I personally hope this isn’t just wishful thinking, but Russian diplomat Vladimir Chizhov believes that Europe is running out of weapons. This being an unexpected (and perhaps halfway bitter) silver lining to this ghastly Ukrainian war. Chizhov possesses a full head of thick white hair, and serves as Russia’s representative to the EU. This is what he had to say:
“Sooner or later the money will run out. And their stores of shootable weapons are also close to exhaustion. The Americans also vaulted quite a lot of weapons into the Ukraine, and now it is time for them to replenish their own arsenals,”
One must remind, in this context, that Zelensky keeps throwing tantrums and kicking his little feet on the floor, because the Germans won’t give him tanks. He thinks maybe they have some PTSD about the past [insert images of German tanks rolling across the Ukraine] and believes that it is time for them to get over these old hang-ups.
Nadezhda The Pensioner
Meanwhile, let us leave Chizhov and Zelensky behind, and scoot over to Donetsk where the reporter from the Donetsk News Agency interviews a very nice lady called Nadezhda. This pensioner was one of the first people in line to vote in today’s referendum. Well, it was easy for her, because she lives in an apartment block whose courtyard was one of the voting places. She says that she also voted in the 2014 plebiscite and was full of hopes, back then, that Donbass would join Russia. “But I can’t believe this day has finally come. I am an ethnic Russian myself (русская), all my relatives live in Russia, therefore my choice is quite clear to everybody. I have been waiting for this since 2014.”
What To Bring For The Trip
Nadezhda’s freedom and continuing use of her life, may depend on the young men now lining up for conscription within Russia proper (=”the big land”).

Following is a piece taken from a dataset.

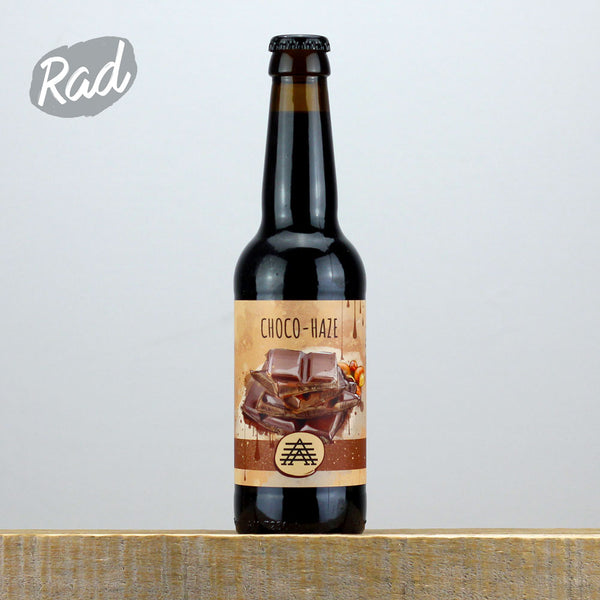 Alchemik Choco-Haze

In this piece, reporter Andrei Rezchikov tries to dispel some of the confusion out there among the masses. According to some reports, as many as 10,000 young people already reported to the recruiting stations within the first 24 hours after partial conscription was announced.

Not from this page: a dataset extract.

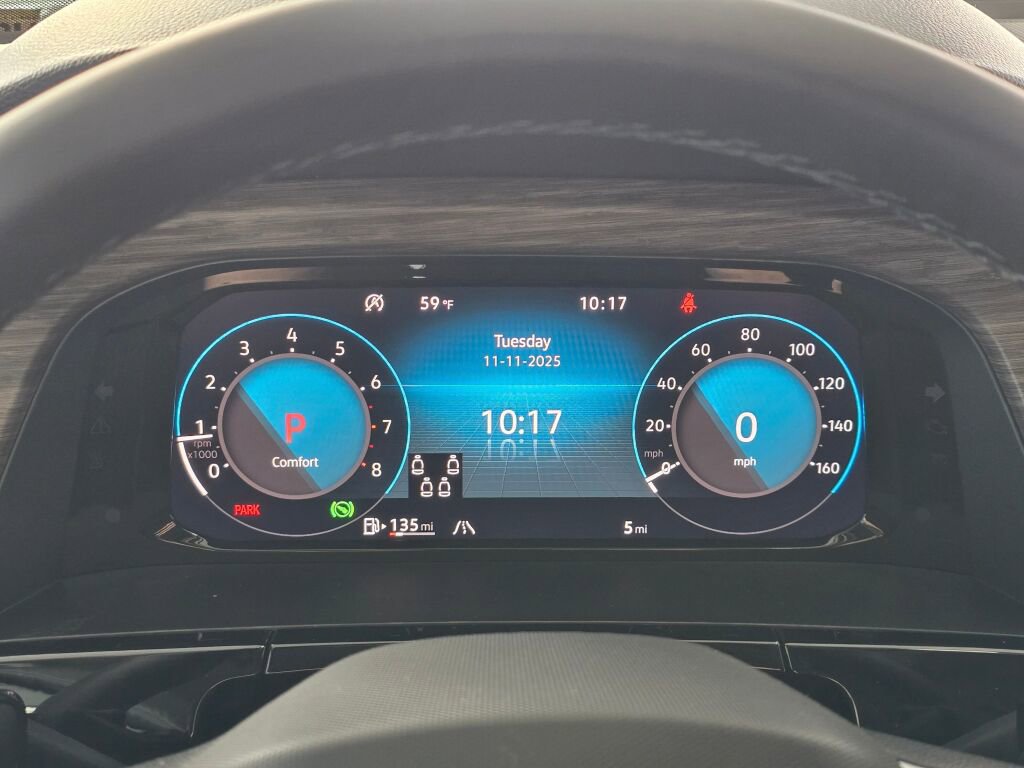 New 2026 Volkswagen Atlas SEL Premium R-Line image 25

Military expert Alexander Perendzhiev advises the young people: “At the assembly point, all of your personal belongings will be examined. For example, you don’t need to bring a thermometer with you! But woolen socks and a flashlight, might be okay. You should dress on the warm side, because of the season.

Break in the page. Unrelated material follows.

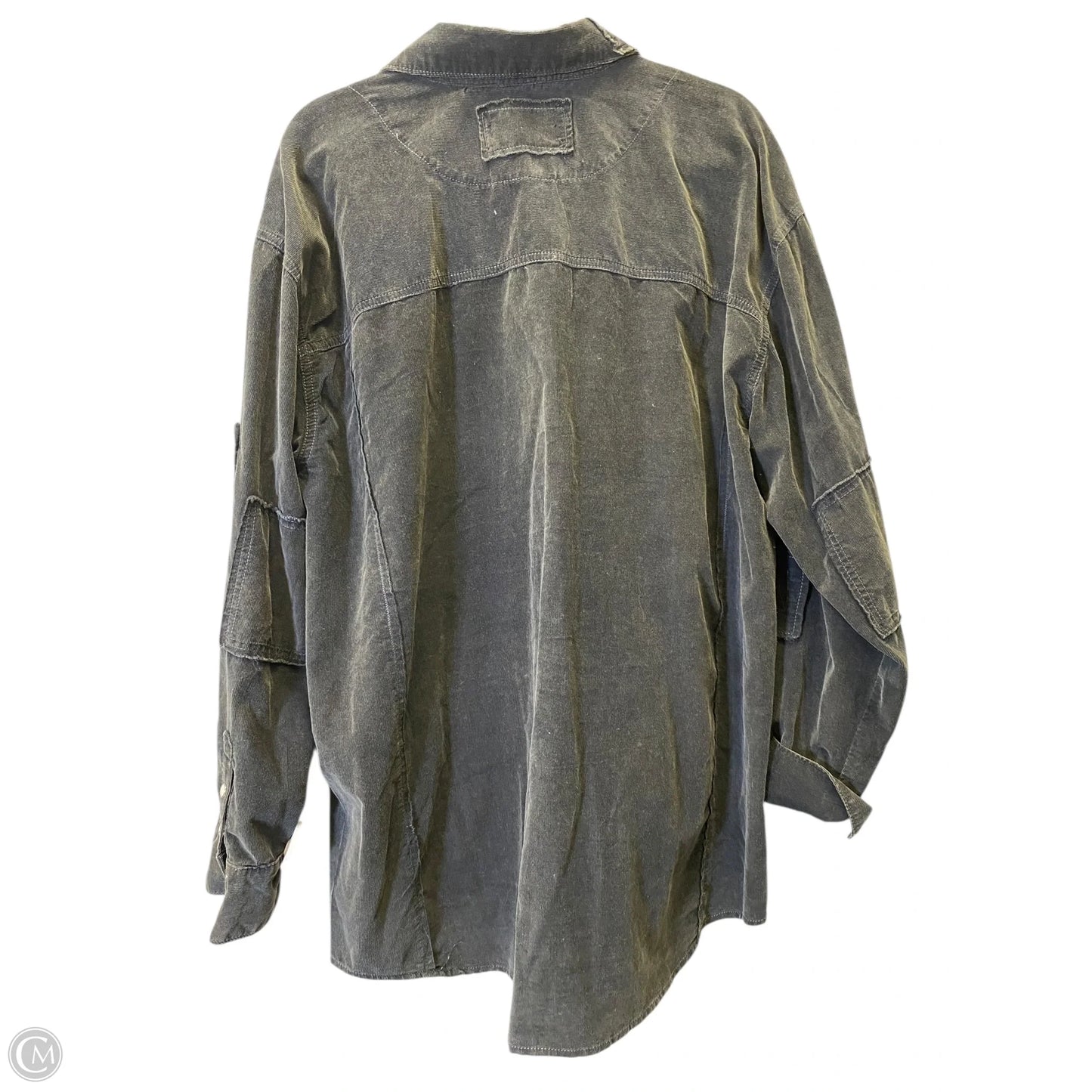 Jacket Other By We The Free In Black, Size: Xl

“You should bring things that are needed in everyday life: a sewing kit, handkerchiefs, a comb, nail clippers, objects of personal hygiene, even toilet paper. You may also need a clothes brush and shoe polish. Furthermore, you will need to orientate yourselves as to army life. You should pack a change of underwear, be sure to pack undershorts and warm socks. Even though they will provide you with a uniform, you still need to pack your own underwear.”
Perendzhiev knows what he is talking about, and the young soldiers should listen to his advice, because he is a member of an expert council called “Officers of Russia”.
He goes on to advise: Bring your own little first aid kit, with tape, gauze, band-aids, Q-tips, and iodine. A simple ruled notepad and pencil would not be out of place, you may have to suddenly write down something important. Perendzhiev says that this is the sort of personal kit he always carried with him in the Soviet army; and not much has really changed since then, when it comes to army life.
For those young men who are starting to get scared, kindly Defense Minister Shoigu reassures that the new conscripts will not be sent directly to the “hot spots” in the Ukraine war. First they will receive some training, and then they will be given their assignments.